Ministry of Labor survey reveals the persistence of cultural sexism
By Chi-hao James Lo, The China Post
March 9, 2014, 12:01 am TWN
TAIPEI, Taiwan -- A Ministry of Labor (MOL) survey earlier this month revealed that women had to work two months more than men last year to receive the same amount of pay, sparking nationwide debates on what some have called the “impoverishment of women” phenomenon and an indicator of cultural sexism.
The findings of the Equal Pay survey published late February concluded that women had to work an extra 59 days to break even with the annual salary of men last year. Though the finding indicates a 2-day decrease compared to the year before, critics assert that the small amount of progress is still futile to alleviate the impoverishment of women. The study has been held by some as a marker of persistent sexism in Taiwanese culture.
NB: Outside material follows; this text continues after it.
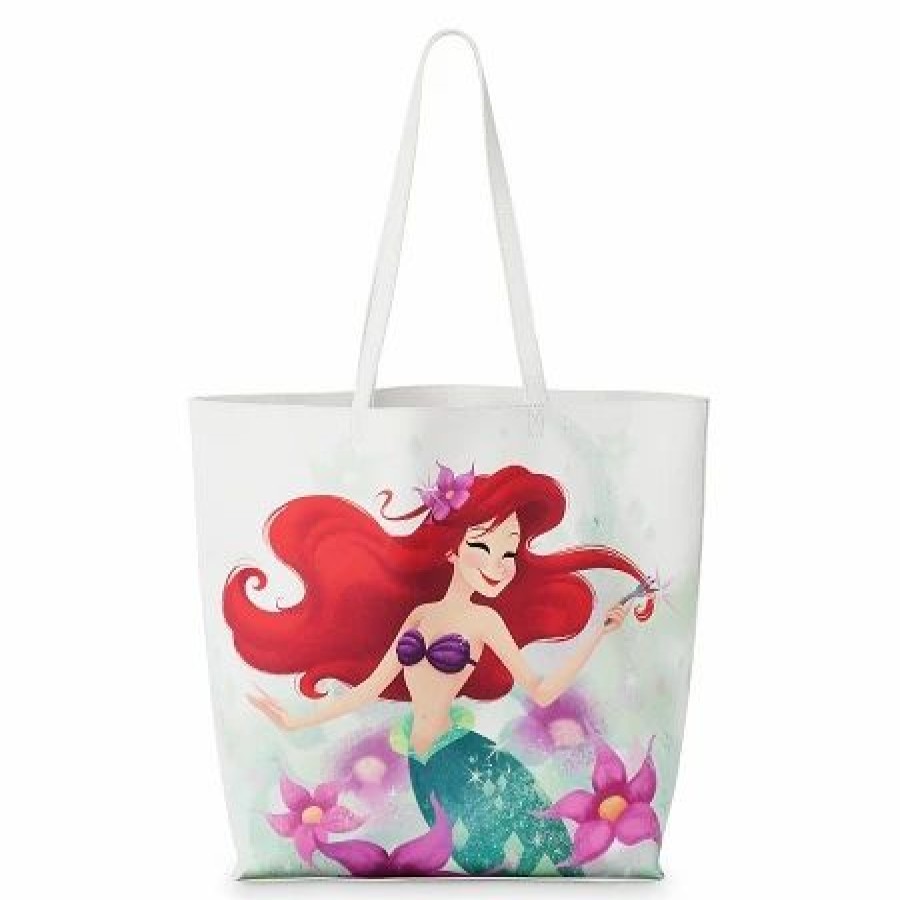 Bags And Totes * | Disney Tote Bag Princess Mystique Ariel And Belle Reversible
According to Professor Chen Chao-Ju (陳昭如) of National Taiwan University College of Law, the cause of the phenomenon is a complex combination of sexist values that, regrettably, are still alive to a certain extent in Taiwan, with the biggest reason being the expectations instilled within and toward working women.
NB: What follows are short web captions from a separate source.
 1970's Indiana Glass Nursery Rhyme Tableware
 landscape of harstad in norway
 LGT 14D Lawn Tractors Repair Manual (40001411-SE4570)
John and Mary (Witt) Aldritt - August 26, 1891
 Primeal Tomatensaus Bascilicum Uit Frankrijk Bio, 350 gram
Aside from the obvious unequal pay still observed in various countries worldwide, the issue of maternal leave is a deciding factor that makes employers pay women less.
The consensus of MOL also showed that the average salary per hour for women is 83.9 percent of the average hourly pay for men. The result of unequal policies also extends to women's pension funds, directly affecting the retirement plans of the population.
Other factors contributing to the phenomenon include education and the right of inheritance. Women in Taiwan are more prone to debt resulting from a lack of resources. The older Taiwanese generations have been known to reserve money to send sons on to higher education. Women are then not only left to take out loans but are also discouraged to receive more advanced educational degrees than men.
Women are also given less chance to inherit funds and estates compared to men, forcing most to retain a sufficient amount of savings with no extra help. The Ministry of Finance has revealed that as of 2012, the difference in percentage of forfeiting an inheritance is 63.8 percent in women versus 32.6 percent in men, whereas the declaration of inheritance tax applies to 32.6 percent of women and 67.4 percent of men.
The numbers directly reflect the conflict between tradition and democratic law, said Chen. Although the law dictates gender equality in the right of inheritance, women are more likely to forfeit their rights “voluntarily” under pressure from their parents, allowing their male siblings to inherit the women's share.
Although gender equality amendments have been inserted into the constitution, said Chen, like it or not, the traditional ways still dictate the majority of Taiwanese life. Laws can be written into a country's constitution, but there will never be a guarantee that it will be practiced amongst citizens, especially when inequality is consensual. The only way to truly eradicate sexism in Taiwan, said Chen, is to begin gender equality education at a young age.